SB 178 doesn’t follow directly from any bill vetoed by Schwarzenegger. But Simitian has had several bills relating to toxic chemicals regulation stall out in recent years, often after being opposed by the Schwarzenegger administration, as have Assemblyman Mike Feuer, D-Los Angeles, and other Democrats.

In 2006, Simitian was able to pass, and Schwarzenegger signed, SB 107, which called on utilities in the state to be producing 20 percent renewable power by the end of 2010.

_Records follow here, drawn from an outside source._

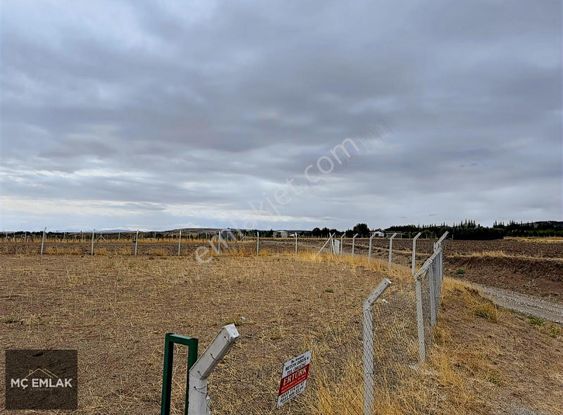 Mç Emlak'tan Yassıören Mh 2.296 M2 Tarla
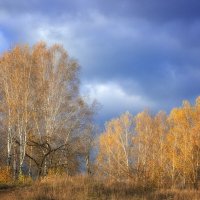 Про осень... :: Влад Никишин
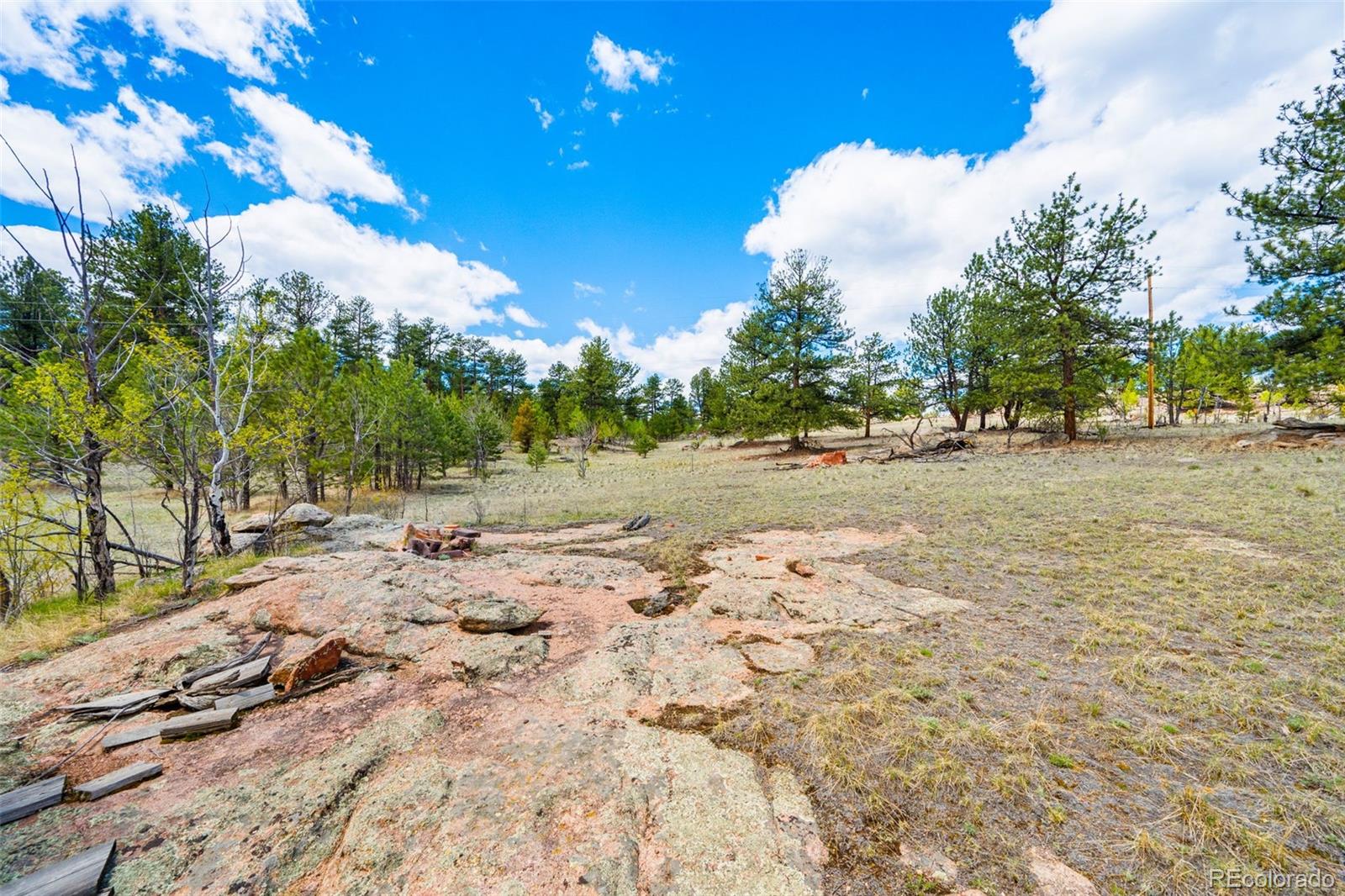 121 Bridle Lane Florissant CO 80816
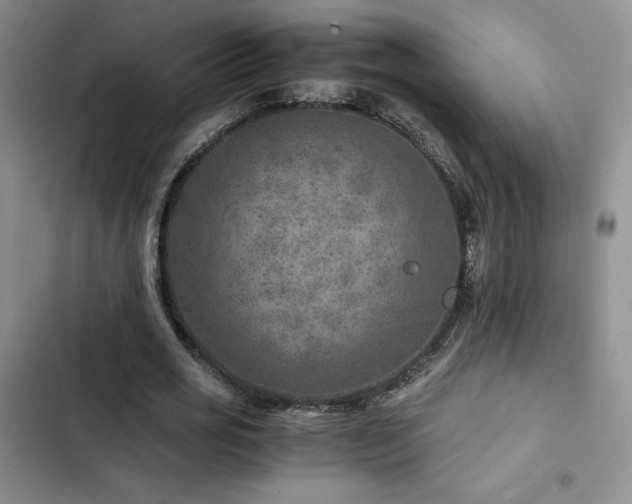 X0000103160725200808221353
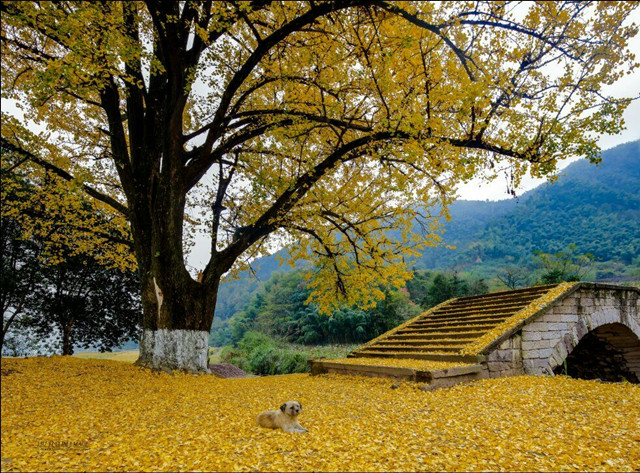 2018年浙江地方景点旅游日历大合集！含杭州，建德，温州，金华！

Simitian has tried repeatedly to follow this up with a 33 percent standard by 2020. After his SB 410 died in the Assembly in 2008, he was able to get his SB 14 on the governor’s desk in 2009, only to see it vetoed. Simitian has brought the idea back again this year as SB 23 and SB X1 2.

Environmentalists have also been pointing to several actions taken or allowed by the Schwarzenegger administration in the closing days. In December, the California Air Resources Board (CARB) relaxed controls on diesel emissions. That same month, Schwarzenegger personally showed up at a CARB meeting to speak in favor of a cap-and-trade regime for greenhouse gas emissions which was widely disliked by environmentalists for being too permissive.

No one appears to have taken on these issues directly with legislation, yet. But many are urging administrative action on several issues.

On Tuesday, Assemblyman Bill Monning, D-Santa Cruz, held a press conference to urge Brown to act administratively to restrict methyl iodide. The Department of Pesticide Regulation approved the chemical in December for use on strawberries and other types of fields, despite urging by six Nobel laureates to bar the chemical.

Paul Towers is state director of the group Pesticide Watch, a key supporter of Monning’s effort. He said that legislation to ban the chemical probably wouldn’t even pass until next year, and would go into effect even later, which is why they’re urging Brown to act now to both bar the chemical and place good environmental stewards at the top of state environmental agencies.

“The legislative process moves too slowly,” said Towers. He added: “We’re hoping for new leadership at the department of pesticide regulation.”